Thirty years later, nobody knows.
But police have reason to think otherwise.
Trouble at the Key Club
RNC Supt. John House says police learned that Millek was having trouble at the bar that night with some men at a table.
"People have told us she was she was very upset and crying, and she had approached staff at the bar, who comforted her,” House said.
RNC Supt. John House says police will now use DNA technology to examine Henrietta Millek's purse. (CBC)It wasn’t until about two weeks after her disappearance that Millek was officially reported missing by her landlord.
Lawes remembers when police came to the bar.
She had something they'd want to look at — Millek's purse.
Lawes had found it while cleaning up the bar the night Millek disappeared.
"It was a funny thing … the purse was [thrown] on the floor for me to get, that's what I thought, because she had it in her hand, unless someone grabbed her and she threw it on the floor,” Lawes recalled.
Inside the purse was $8.15, Millek’s address book, her bank book, and the keys to her boarding house.
Purse the only piece of evidence
Eight years later, the case landed on House’s desk.
The purse was the only piece of evidence in a case that was growing cold.
House recalls the frustration he felt trying to investigate Millek’s disappearance.
"I met with people who were clearly afraid and reluctant to share with me what they knew,” he said.

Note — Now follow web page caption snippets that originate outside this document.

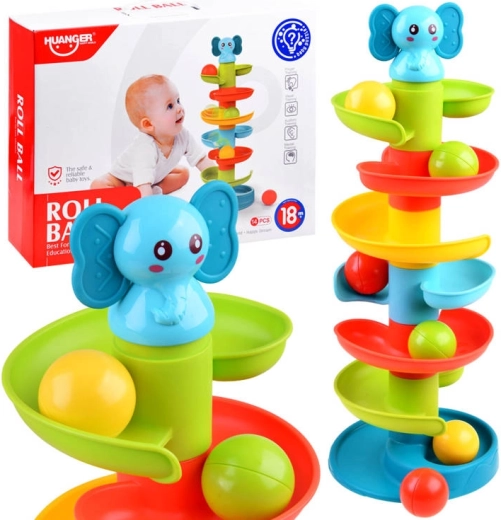 Piste à boules colorée avec petit éléphant – pyramide en spirale pour enfants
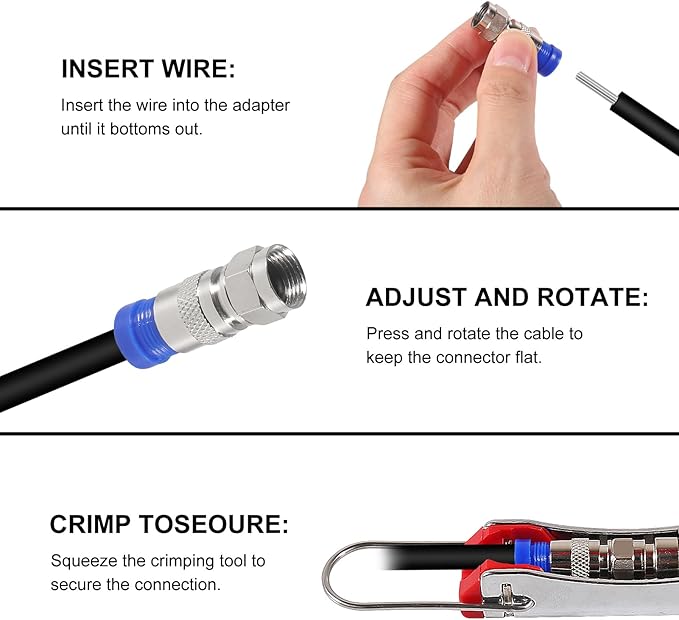 10Pcs F Type RG6 Compression Connectors Coaxial Cable Crimper Kit with Wire Stripper Repair Tool Compatible with RG59, RG6, RG11 Compatible Adjustable Tool for Satellite TV, Home Use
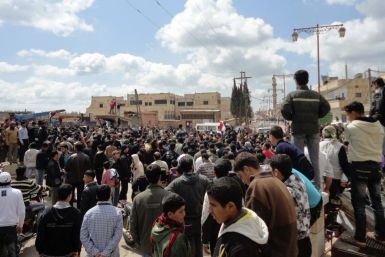 Syrians shout &quot;freedom&quot; during a protest at Dael region, near the city of Deraa, southern Syria
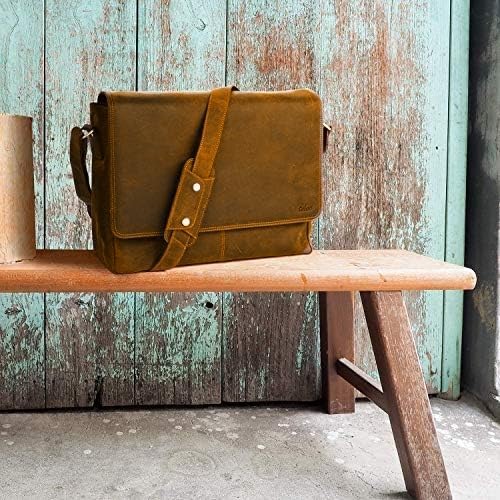Umhängetasche Leder für Herren Damen - Echtleder Laptoptasche 15.6 Zoll, Leder Aktentasche Messenger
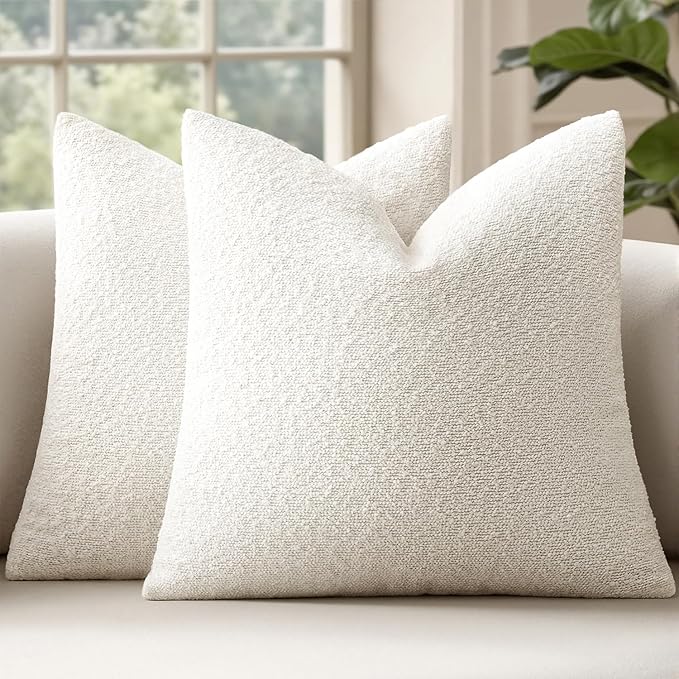MIULEE 18x18 Inch Decorative Pillow Covers for Couch Bed Set of 2 Textured Boucle Neutral Throw Pillow Covers Cream White Accent Solid Pillowcases Sofa Living Room Home Decor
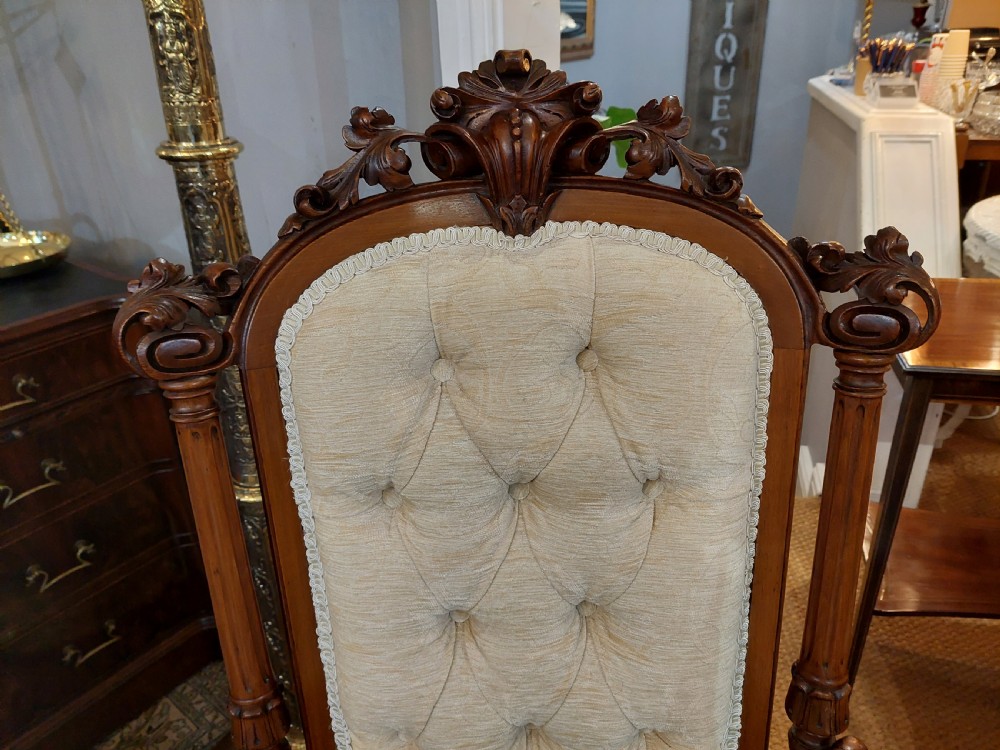 Pair of Victorian Walnut Parlour Chairs View V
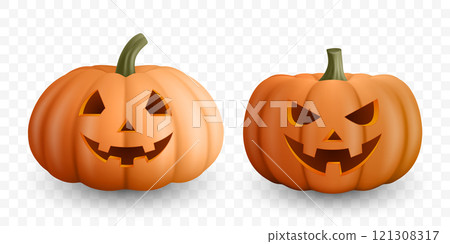 Realistic Vector Halloween Pumpkins with Carved Faces. Jack-O'-Lanterns Set for Halloween Decor. Detailed Pumpkin Illustrations for Festive Design, Icons, Templates 121308317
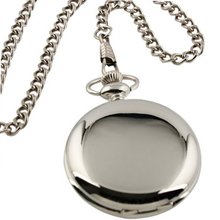 ESS Smooth Stainless Steel Case White Roman Numerals Modern Pocket with Chain WP004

“I once had a phone call — an anonymous phone call — at my office from a person who indicated he had significant information and was willing to meet me. I went out at the pre-determined place, but the person didn't show up."
Police had suspicions, and several people of interest.
But they were never able to identify the men who were in the bar the night Millek disappeared.
Now, 30 years later, the case remains unsolved.
Following the CBC's inquiries, however, police are going back to the only piece of evidence — Millek’s purse — to look for answers.
“We don't know if it was taken from Henrietta and thrown or how it ended up in the corner,” House said.
“That's something that may be useful to conduct more analysis. There's what's called ‘touch DNA.’ So a very cursory contact with an exhibit, a casual touch or grabbing it and holding it, may conceivably have left cells belonging to the person.”
That analysis could take months.
Without a clue from the purse, police are back where they started — investigating a cold case that gets colder with every passing year.
Family believes Millek is dead
In Nain, Henrietta Millek's family members believe she is dead.
Verona Ittulak says she will always mourn for her daughter. (CBC)"I will always mourn my wonderful daughter,” said her mother, Verona Ittulak.
“I will always mourn for her.”
All that's left are memories of her daughter’s cheerful voice and bright smile.
Meanwhile, Mary Pia Benuen says she still thinks of her friend often, even three decades after her disappearance.
“If I knew what happened to her, maybe I could go on and accept what has happened,” Benuen said.
“But the not knowing is the hardest part.”